As a new academic year starts, children around the country are going back to school and settling into new classes. Meanwhile, parents, educators, policy experts, and politicians are gearing up again to monitor and measure student learning—and preparing to ask the hard questions about whether or not the children in their care are getting the best possible education. Hard questions sometimes elicit hard answers, and often it is the students themselves who know the answers better than the adults in charge. But we seldom ask the students, and when they do speak up, we rarely pay attention to what they have to say. Last spring, Justin Hudson, a student who knows the questions and answers well, spoke up about equity in education. We all need to listen to Justin’s words.
Justin was a senior at Hunter College High School in New York City, and he had been chosen to deliver the graduation speech for his class. Hunter is a public school for grades 7-12 that has a national reputation for excellence and sends a quarter of its graduates on to Ivy League schools—a figure many private schools would envy. But Hunter’s students don’t resemble the student body at most of the city’s other public schools. They are considered intellectually gifted based on the results of an admission test written by the school’s teachers, and, as the New York Times recently noted, there are very few minority students at Hunter: while Hunter’s entering seventh grade class last year was 3% Black and 1% Hispanic, 70% of the students in the public school system as a whole are Black and Hispanic. Justin, who is Black and Hispanic himself, chose to address this obvious disparity in his speech—and this eighteen-year-old’s observations eloquently sum up one of the most urgent debates in education today.
Justin told the audience that as he stood at the podium reflecting on the stellar education he had received over the last six years, “More than anything else, today I feel guilty. I feel guilty because I don’t deserve any of this. And neither do any of you. We received an outstanding education at no charge based solely on our performance on a test we took when we were eleven-year-olds…We received superior teachers and additional resources based on our status as ‘gifted,’ while kids who naturally needed those resources much more than us wallowed in the mire of a broken system. And now, we stand on the precipice of our lives, in control of our lives, based purely and simply on luck and circumstance. If you truly believe that the demographics of Hunter represent the distribution of intelligence in this city, then you must believe that the Upper West Side, Bayside and Flushing are intrinsically more intelligent than the South Bronx, Bedford-Stuyvesant and Washington Heights, and I refuse to accept that.”
Justin continued, “It is certainly not Hunter’s fault that socioeconomic factors inhibit the educational opportunities of some children from birth, and in some ways I forgive colleges and universities that are forced to review eighteen-year-olds, the end results of a broken system.

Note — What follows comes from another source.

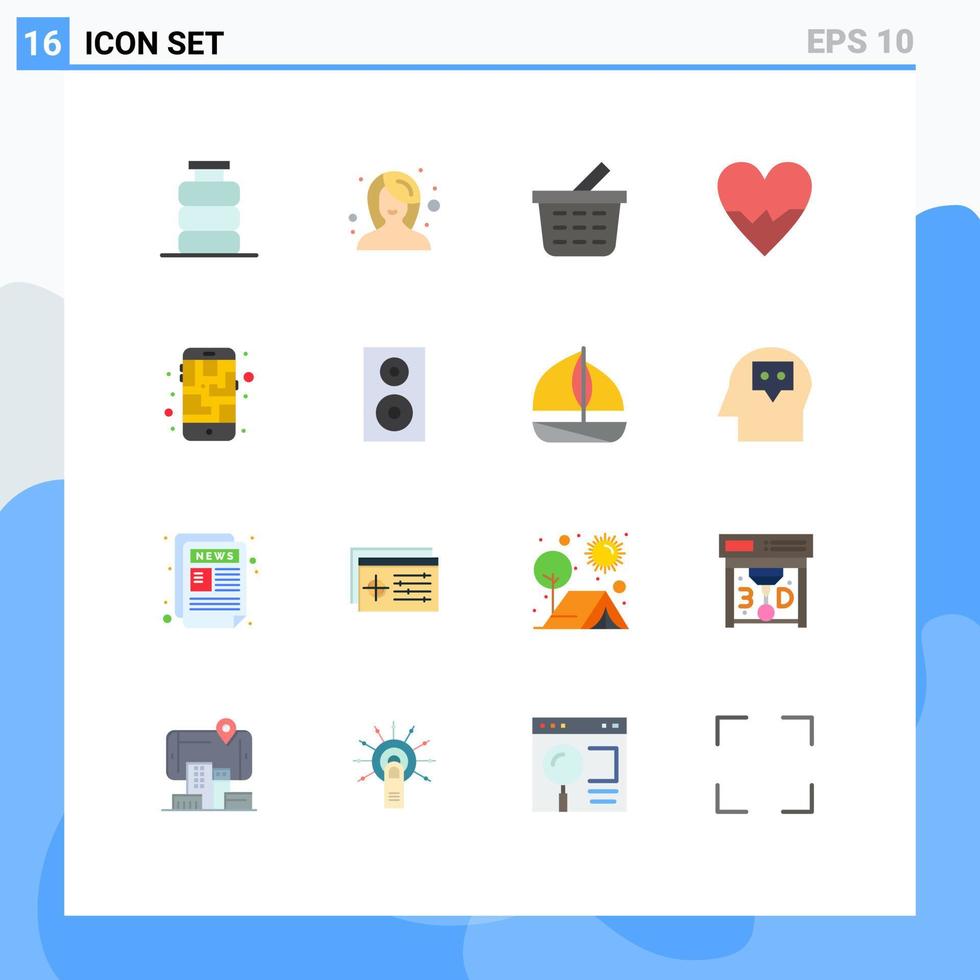 uppsättning av 16 modern ui ikoner symboler tecken för mobil hud kvinna slå hjärta redigerbar packa av kreativ vektor design element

But we are talking about eleven-year-olds. Four-year-olds. We are deciding children’s fates before they even had a chance. We are playing God, and we are losing. Kids are losing the opportunity to go to college or obtain a career, because no one taught them long division or colors. Hunter is perpetuating a system in which children, who contain unbridled and untapped intellect and creativity, are discarded like refuse. And we have the audacity to say they deserved it, because we’re smarter than them…I apologize if this is not the speech you wanted to hear…I apologize if I have not inspired you, or uplifted you, but we have failed to inspire and uplift an entire generation of children.”
Justin then explained that he didn’t mean his speech to be a moral lecture to his classmates because he understood that he had benefited from the current system just like everyone else in the room—but he now wanted to turn the guilt he felt for having being blessed with such tremendous opportunities into determination to help bring the same kinds of opportunities to other children, and he hoped others would join him. He said, “I do not know the capacity in which I will be able to make this world a better and more just place, but I strongly believe that education is the most effective means of creating social improvement, which is precisely why this is a battle we cannot concede…I hope that in the near future, education itself will not be a privilege for the few in this world [and] I hope that a quality education will not be a privilege for the few in this country.”
Making sure that a quality education is available to every child in our country—and is not just a privilege for a few—is indeed one of the great battles of our time. It is the unfinished business of the Civil Rights Movement and the task that will help determine America’s place on the global stage in a rapidly changing world. I am so grateful that a bright young leader like Justin is already sensitive enough to recognize that every child deserves an education like his and brave enough to speak out and join the fight to make that happen. We all need to pay attention to Justin’s words of wisdom.